Monday, November 14, 2011
Today I have the pleasure of introducing a guest blogger. David Haas is a cancer survivor and a staff writer for the Mesothelioma Cancer Alliance Blog and is an advocate for cancer patients and their families. He asked if he could post the following article and I gladly accepted (especially since it's advice I need to take myself). It's important information for all of us who have faced cancer or who have loved ones who have. Great advice from a great advocate! Enjoy!!!!

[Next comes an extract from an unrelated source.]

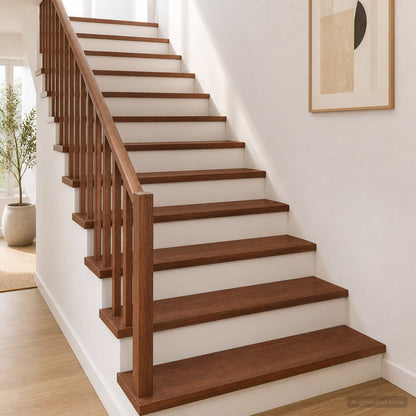 Gradini per Scale 20 pz 120 x 30 x 2 cm Marrone Scuro | homemem39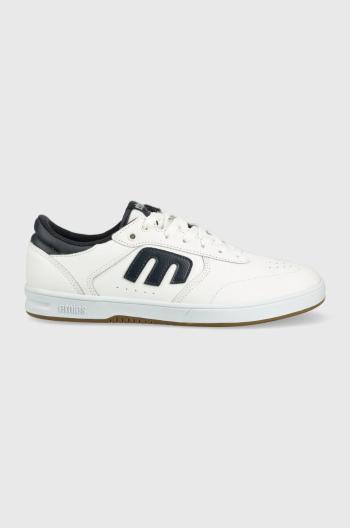 Kožené sneakers boty Etnies bílá barva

The Value of Fitness for Survivors by David Haas
It's no secret that a cancer diagnosis is terrifying, but the good news is that there is life after cancer. Whether you've just received your diagnosis or are ten years into remission, it's important that you continue to live your life the way you want to. One way you can help deal with your cancer diagnosis is through regular physical exercise. Physical fitness not only helps you maintain a healthy body weight, build and maintain muscle, but it also can lower your blood pressure, help regulate your blood sugar levels, and reduce stress.
Whether you're dealing with mesothelioma, leukemia, ovarian, or another type of cancer, it's important to allow yourself to exercise as long as you're physically able to do so. According to Georgia State University, regular exercise can also help prevent other diseases, such as diabetes or heart disease.
Talk with your doctor before you begin to exercise, especially if you're still undergoing treatment or recently completed treatments for cancer. While fitness and exercise affords you many health benefits, you should never perform any type of exercise before you discuss it with your physician. Your doctor understands your health history and your current medical condition, and can offer you several ways that you can exercise in a careful, stress-free way that will be safe for you to do.
Understand that when you begin an exercise program, especially after cancer, you'll need to take things slow. Don't rush to the gym and begin to lift the heaviest weights you can. Instead, start slow and allow your body to work up to stronger exercises. Consider taking a yoga or ballroom dancing course, which is slower-paced and can help ease you into the idea of exercise. After awhile, you may find that you're progressing to Zumba or modern dance classes as your body and muscles grow stronger and more used to the physical activity.
As with anything, if you experience pain or discomfort, talk with your doctor. Your personal physician can recommend stretches and at-home treatment options for dealing with exercise aches and pains. While some tenderness after moderate exercise is to be expected, take care that you don't physically injure yourself when it's time to work out.